# This Notebook...
...trains a number of models on the reviews.

# Dependencies

In [46]:
import pandas as pd
import numpy as np

import pickle

from sklearn.model_selection import train_test_split

# Model design
from tensorflow.keras.optimizers import SGD
from tensorflow.keras.models import Model, Sequential
from tensorflow.keras.layers import Input, Dense
from tensorflow.keras.losses import BinaryCrossentropy
from tensorflow.keras.metrics import BinaryAccuracy, Precision, Recall, F1Score, AUC

# Model saving
from keras.models import load_model

# # Timekeeping
import time
# print("Start of timekeeping.\n")
# start_time = time.time()

# Load Preprocessed Data

In [56]:
with open("data_tfidf.pkl", "rb") as f:
    X = pickle.load(f)

with open("data_y.pkl", "rb") as f:
    y = pickle.load(f)

# Split into train, valid, and test
X_train, X_valid = X["X_train"], X["X_valid"]
y_train, y_valid = y["y_train"], y["y_valid"]

assert X_train.shape[0] == y_train.shape[0]

((24897, 43543), (24897,))

# Global Model Settings

In [41]:
hist_dict = {}
global_metrics = [BinaryCrossentropy(name="CrossEntr."), BinaryAccuracy(name="Accuracy", threshold=0.5), Precision(name="Precision"), Recall(name="Recall"), F1Score(name="F1-Score"), AUC(name="ROC-AUC")]
global_metric_names = [metric.name for metric in global_metrics]

# Training parameters
n_epochs = 1
batch_size = 200
verbose = 0

# Model 1: NN with tfidf and meta data

In [None]:
# Load data
with open("data_tfidf.pkl", "rb") as f:
    X = pickle.load(f)

with open("data_y.pkl", "rb") as f:
    y = pickle.load(f)

# Split into train, valid, and test
X_train, X_valid = X["X_train"], X["X_valid"]
y_train, y_valid = y["y_train"], y["y_valid"]

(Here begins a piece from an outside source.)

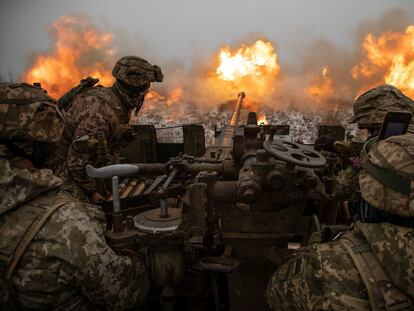 Soldados ucranios disparan hacia posiciones rusas en el frente cercano a Bajmut, en la región de Donetsk, este domingo.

assert X_train.shape[0] == y_train.shape[0]

In [42]:
name = "Model_1_tfidf"
start_time = time.time()

model = Sequential([
    Input(shape=(X_train.shape[1],)),
    Dense(1000, activation="relu"),
    Dense(500, activation="relu"),
    #Dense(200, activation="relu"),
    #Dense(100, activation="relu"),
    Dense(1, activation="sigmoid")
])

model.compile(
    optimizer = "adam",
    loss = "binary_crossentropy",
    metrics = global_metrics# + ["accuracy"] #["accuracy"]
)

history = model.fit(X_train, y_train, epochs=n_epochs, verbose=verbose, batch_size=batch_size)
model.save("keras_models/" + name + ".keras")
print("Model " + name + " has been trained!")

print("Training time for " + name + ": " + str(time.time() - start_time) + " seconds\n")

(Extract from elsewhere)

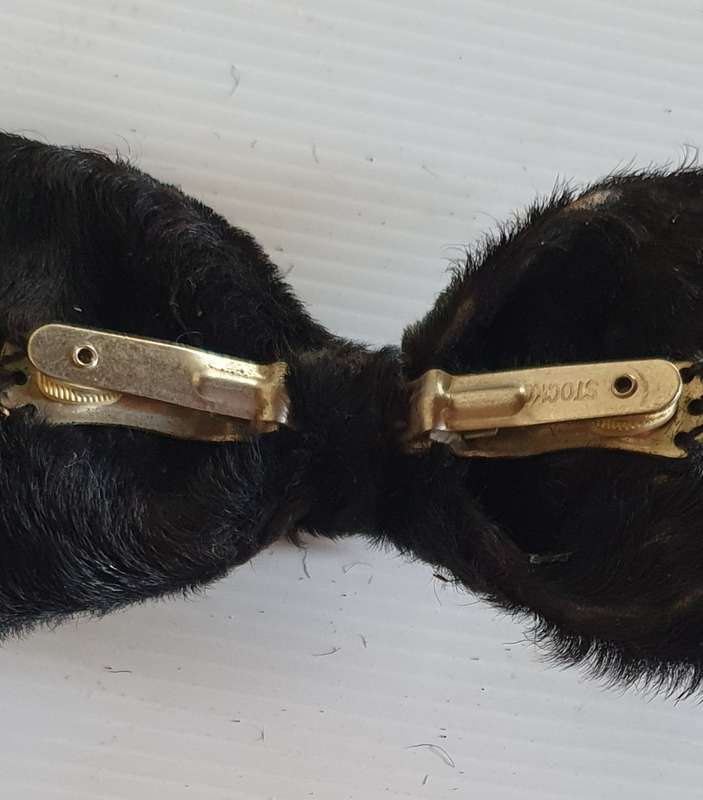 RETRO KARAKUL PELTS BOW TIE ! STUNNING FIND !!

ValueError: Data cardinality is ambiguous. Make sure all arrays contain the same number of samples.'x' sizes: 35567
'y' sizes: 24897


# Model 2: NN with DistilBERT embeddings and meta

In [None]:
# Load DistilBERT predictors
with open("data_DistilBERT.pkl", "rb") as f:
    X = pickle.load(f)

# Split into train, valid, and test
X_train, X_valid = X["X_train"], X["X_valid"]

assert X_train.shape[0] == y_train.shape[0]

In [None]:
name = "Model_1_DistilBERT"
start_time = time.time()

model = Sequential([
    Input(shape=(X_train.shape[1],)),
    Dense(1000, activation="relu"),
    Dense(500, activation="relu"),
    #Dense(200, activation="relu"),
    #Dense(100, activation="relu"),
    Dense(1, activation="sigmoid")
])

model.compile(
    optimizer = "adam",
    loss = "binary_crossentropy",
    metrics = global_metrics# + ["accuracy"] #["accuracy"]
)

history = model.fit(X_train, y_train, epochs=n_epochs, verbose=verbose, batch_size=batch_size)
model.save("keras_models/" + name + ".keras")
print("Model " + name + " has been trained!")

print("Training time for " + name + ": " + str(time.time() - start_time) + " seconds\n")

ValueError: Data cardinality is ambiguous. Make sure all arrays contain the same number of samples.'x' sizes: 35567
'y' sizes: 24897